By Fred Cicetti

October 29, 2009
Q. As an authentic geezer, I've had so many medical tests that I think I've seen more acronyms than were around during the New Deal. Recently, a friend of mine suggested that I get a TSH test for my thyroid. What, in the name of FDR, is a TSH test?

The thyroid is a small, butterfly-shaped gland located in the middle of the lower neck. It produces hormones that control metabolism, which are the chemical processes cells in the body perform to keep us alive.

It should come as no surprise that the thyroid gland often peters out as we get older. The thyroid stimulating hormone (TSH) test checks to see if your thyroid is producing the right amount of hormone for your system. If the gland is making too much hormone, you get hyperthyroidism; if it makes too little, you get hypothyroidism.

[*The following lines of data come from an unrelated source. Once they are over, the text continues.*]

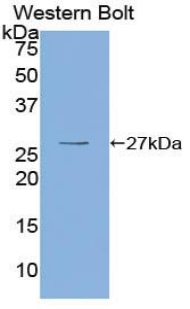 OIT3 Antibody - Western blot of recombinant OIT3.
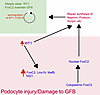 A model of the regulation of gene expression by WT1 and FOXC2 in podocytes.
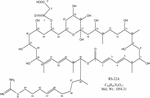 Rs virus voksne isolation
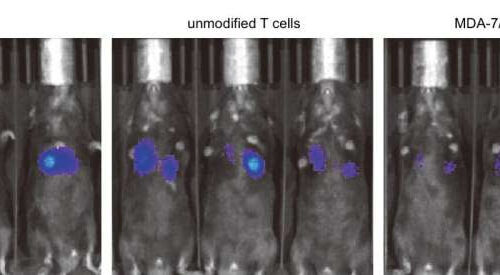 Engineering T cells to attack cancer broadly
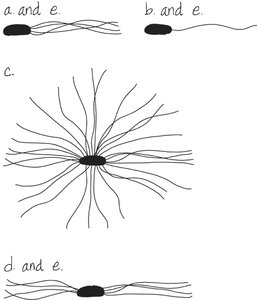 Bacterial flagella arrangements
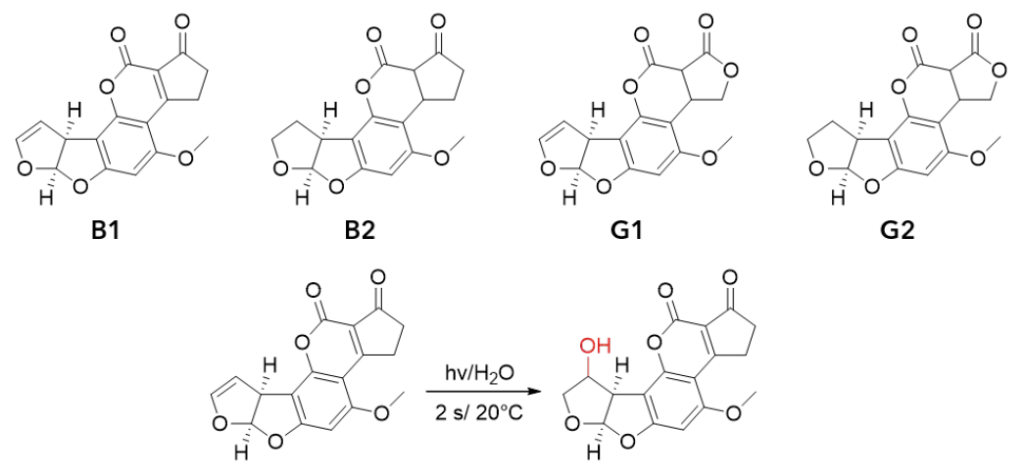 Chemical structures of the four aflatoxins and the reaction mechanism of the photochemical activation.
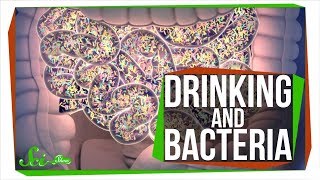 Does Drinking Alcohol Kill Your Gut Bacteria [upl. by Mehta]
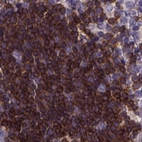 Anti-THEMIS Antibody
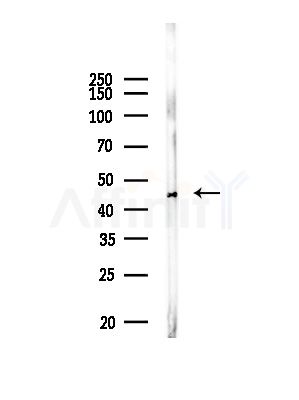 JNK1/2/3 Antibody - Western blot analysis of lysates from Rat brain, using JNK1/2/3 Antibody at 1/1000 dilution.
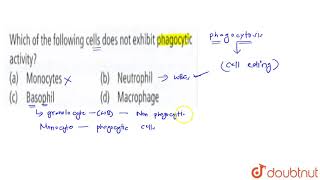 Which of the following cells does not exhibit phagocytic activity [upl. by Aleacin115]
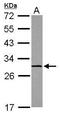 Calpain Small Subunit 1 antibody, GTX118130, GeneTex, Western Blot image 
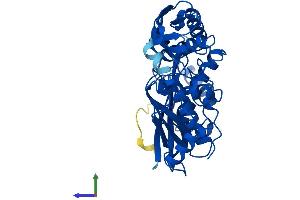 AlphaFold protein structure predicition of Human Recombinant MAT2A Protein, UniprotID P31153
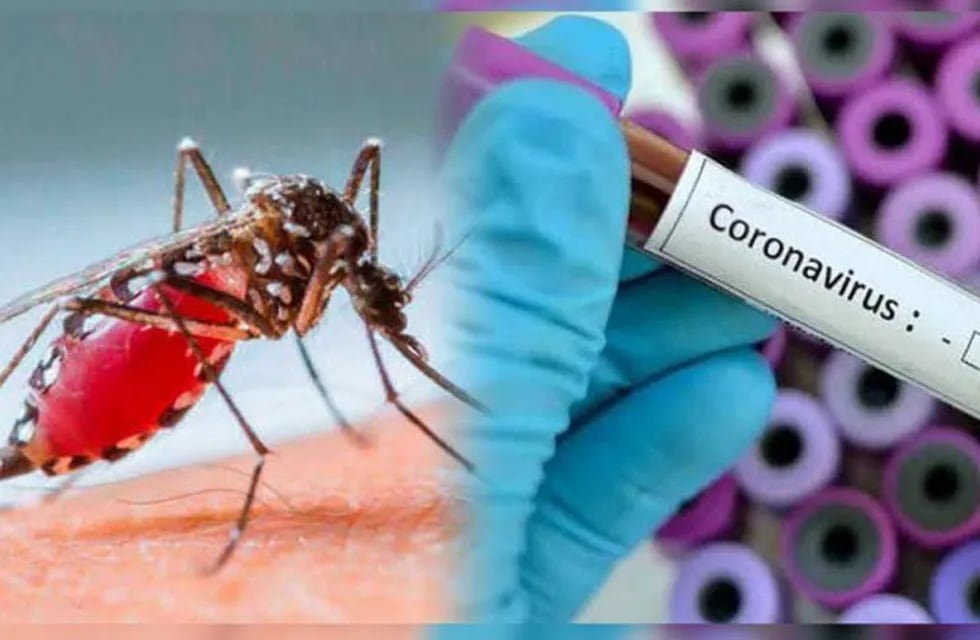 Dengue - Coronavirus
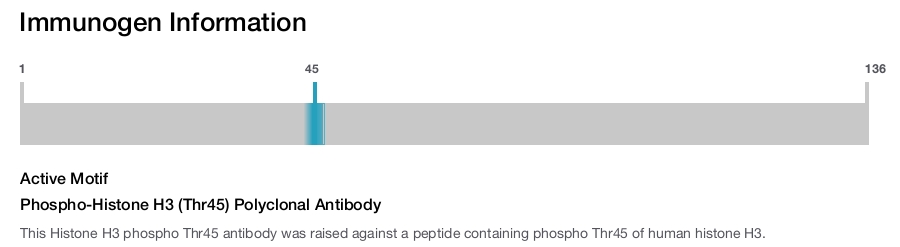 Phospho-Histone H3 (Thr45) Polyclonal Antibody
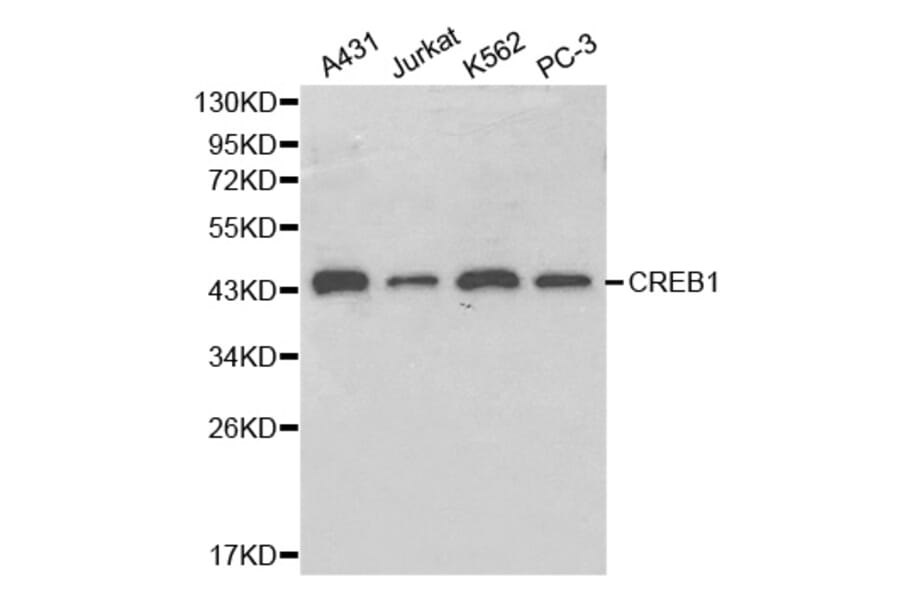 Western blot - CREB1 Antibody from Signalway Antibody (32215) - Antibodies.com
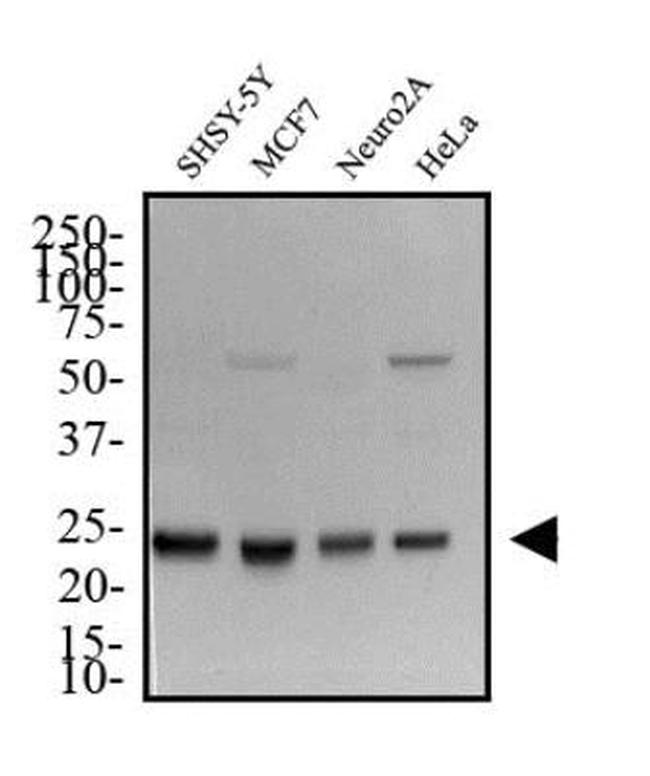 HMGB1 Antibody in Western Blot (WB)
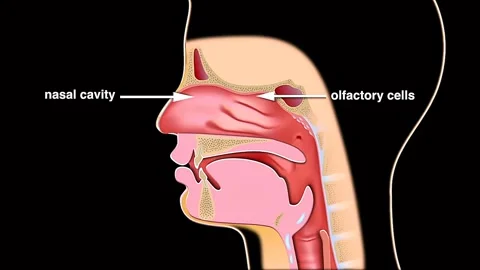 Nasal cavity and olfactory cells location in human body Stock Footage 333204798
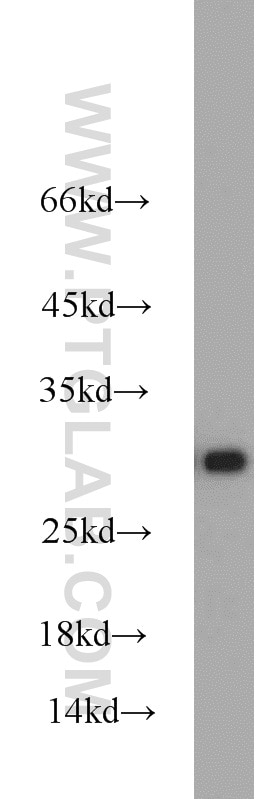 Western Blot (WB) analysis of mouse lung tissue using C14orf166 Polyclonal antibody (19848-1-AP)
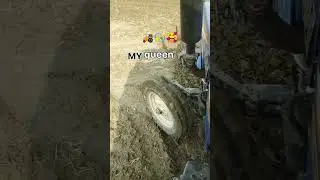 #shortvideo #tranding #trictor #shorts #viral #youtubeshorts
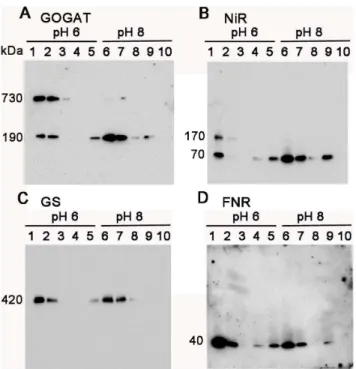 Figure 6. Fd-binding assay of protein complexes in the stromal fraction of spinach chloroplasts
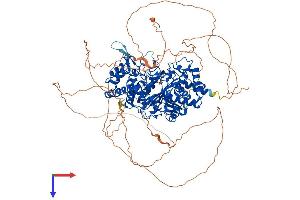 AlphaFold protein structure predicition of Mouse Recombinant Parg Protein, UniprotID O88622
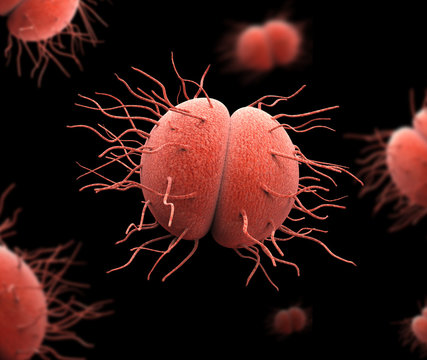 Bacteria Neisseria gonorrhoeae or Neisseria meningitidis, gonococcus and meningococcus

Hypothyroidism is very common in people over 60 years of age; the incidence of it steadily increases with age. About 25 percent of people in nursing homes may have undiagnosed hypothyroidism because the symptoms of this condition can be misinterpreted as signs of aging.

The Thyroid Foundation of America recommends that people over 50 years old get a TSH test at least once every five years, and more often if there are symptoms. When thyroid disease is caught early, treatment can control the disorder even before the onset of symptoms.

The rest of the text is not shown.